European airline maintenance, repair and overhaul (MRO) providers may shift operations to the USA to evade the continuing fall in the US dollar. With the dollar down 28% over the past two years, MRO companies across Europe have been feeling the pressure.

If the dollar continues to fall, Lufthansa Technik (LHT) says it may start shifting some operations from Europe and Asia to the USA to take advantage of lower labour costs: "Our US operation [in Tulsa] includes landing gear and thrust reverser maintenance and support of business jet operations, and we would try to shift this work between our subsidiaries in Asia, Europe and the USA. Our US factory can accommodate this but we would need to hire more employees. If we think that this is a long-term trend, we would have to build more factories," it says.

MRO operators in Europe are partly hedged, as most of their suppliers sell in dollars and cheaper parts costs balance out lower revenues from dollar customers. But labour costs are still in euros, pushing up costs, says Airbus MRO specialist SR Technics: "As for every other company working outside the dollar region, the cost base of SR Tech- nics has increased." Some are taking precautions against this: SR Technics hedges up to 80% of its dollar exposure.
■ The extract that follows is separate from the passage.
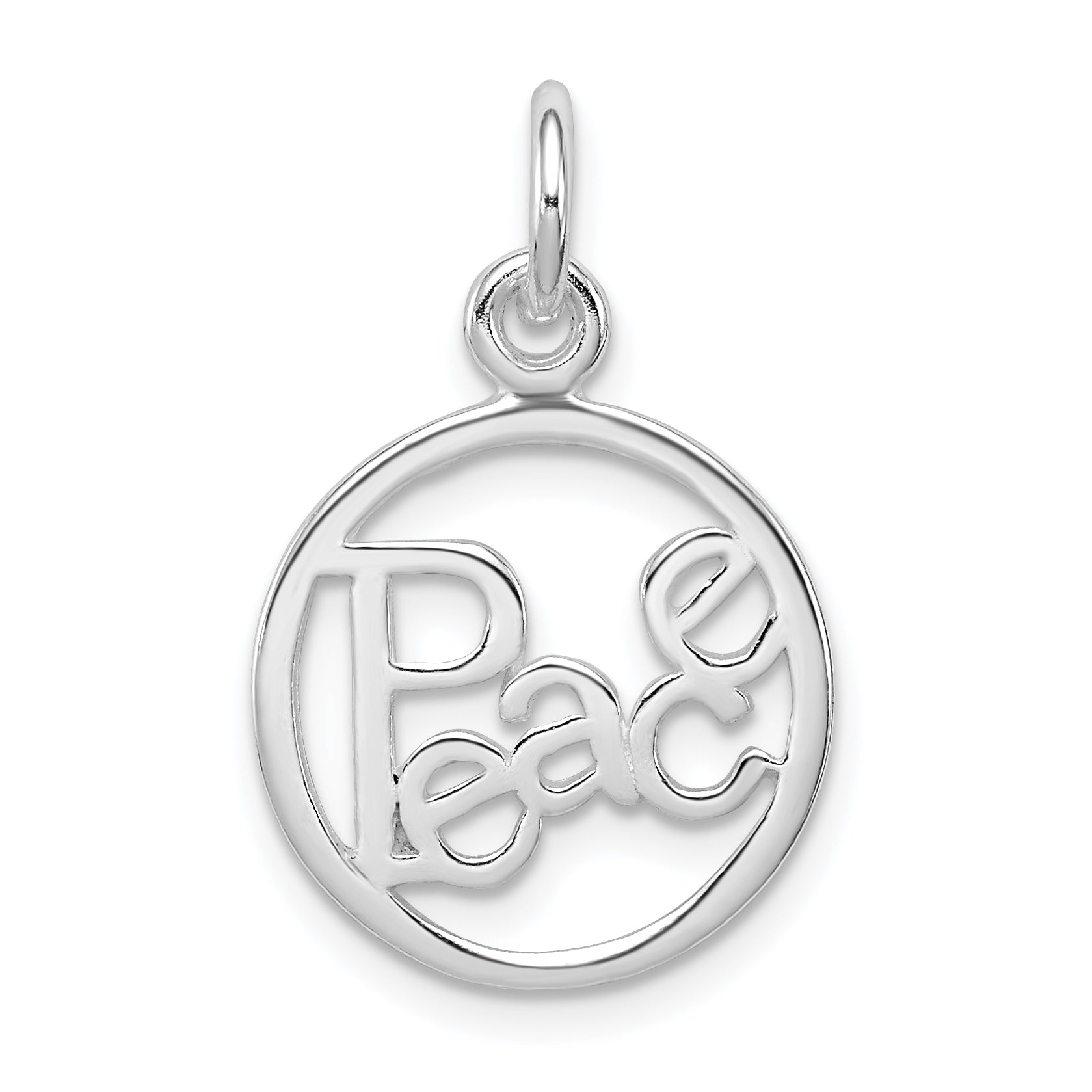 Sterling Silver Rhodium-Plated Peace Circle Charm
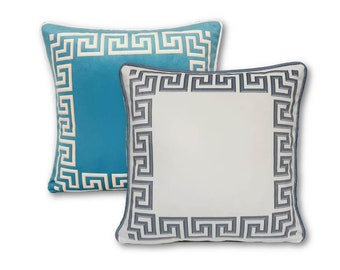 Turquoise and White color,Double set pillow cover,Zinc&Black Patterned Pillowcase, Velvet Pillowcase ,Luxury Pillowcase, Decorative Pillow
LHT may follow suit: "We do not hedge on a large scale at the moment, but we will be using it in the future," it says.

MRO sales departments are not seeing European customers move to cheaper rivals in the USA. "The ferry flight cost is still quite high...and there is a lack of high-performance Airbus maintenance suppliers in the USA," says SR Technics vice-president of sales and marketing Tim Talaat.